This is a simple function for conveniently creating a `ResNet-50` network model. It calls the `ResNet` class and passes in corresponding parameters (using the `Bottleneck` block and a specific layer configuration `[3, 4, 6, 3]` ) to instantiate the `ResNet-50` model. Meanwhile, the number of output classes can be specified (the default is 1000).

In [None]:
def resnet50(num_classes=1000):
    return ResNet(Bottleneck, [3, 4, 6, 3], num_classes)

### 5. Data Preprocessing and Loading

Firstly, the data preprocessing operation `transform` is defined. It resizes the images to `(224, 224)`, converts them into tensor format, and performs normalization processing (using the given mean and standard deviation). Then, the training set and validation set data are loaded from the specified directories using `ImageFolder` and the above preprocessing operation is applied. Next, the training set data is further divided into a training subset and a test subset according to a ratio of 8:2. Finally, the corresponding `DataLoader` objects are created respectively for loading data in batches during the training, validation, and testing phases, with parameters such as batch size and whether to shuffle the data set.

In [None]:
# Pre-process the data
transform = transforms.Compose([
    transforms.Resize((224, 224)),
    transforms.ToTensor(),
    transforms.Normalize(mean=[0.485, 0.456, 0.406], std=[0.229, 0.224, 0.225]),
])

# Load the dataset
dataset = datasets.ImageFolder('./dataset/train', transform=transform) 
val_dataset = datasets.ImageFolder('./dataset/val', transform=transform)

train_size = int(0.8*len(dataset))
test_size = len(dataset) - train_size

train_dataset, test_dataset = random_split(dataset, [train_size, test_size])

train_loader = DataLoader(train_dataset, batch_size=32, shuffle=True)
val_loader = DataLoader(val_dataset, batch_size=32, shuffle=False)
test_loader = DataLoader(test_dataset, batch_size=32, shuffle=False)

### 6. Model-related Settings (Device, Loss Function, Optimizer, Learning Rate Scheduler)

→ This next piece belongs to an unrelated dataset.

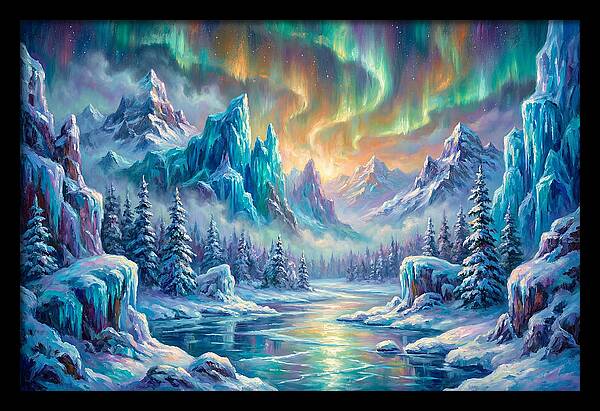 Frozen Landscape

Here, the `ResNet-50` model instance is first created and the number of output classes is specified as 2. Then, depending on whether there is an available CUDA device, the model is placed on the corresponding device (GPU or CPU) to run. Next, the loss function is defined as the cross-entropy loss `CrossEntropyLoss`, the optimizer is chosen as the Adam optimizer with a learning rate set to 0.001, and a learning rate scheduler `StepLR` is also defined, which will multiply the learning rate by 0.1 every 7 training epochs to adjust the learning rate change during the training process.

In [None]:
# Use the custom-defined ResNet-50
model = resnet50(num_classes=2)

# CUDA
device = torch.device('cuda' if torch.cuda.is_available() else 'cpu')
model = model.to(device)

# Loss function and optimizer
criterion = nn.CrossEntropyLoss()
optimizer = optim.Adam(model.parameters(), lr=0.001)

# Learning rate scheduler
scheduler = optim.lr_scheduler.StepLR(optimizer, step_size=7, gamma=0.1)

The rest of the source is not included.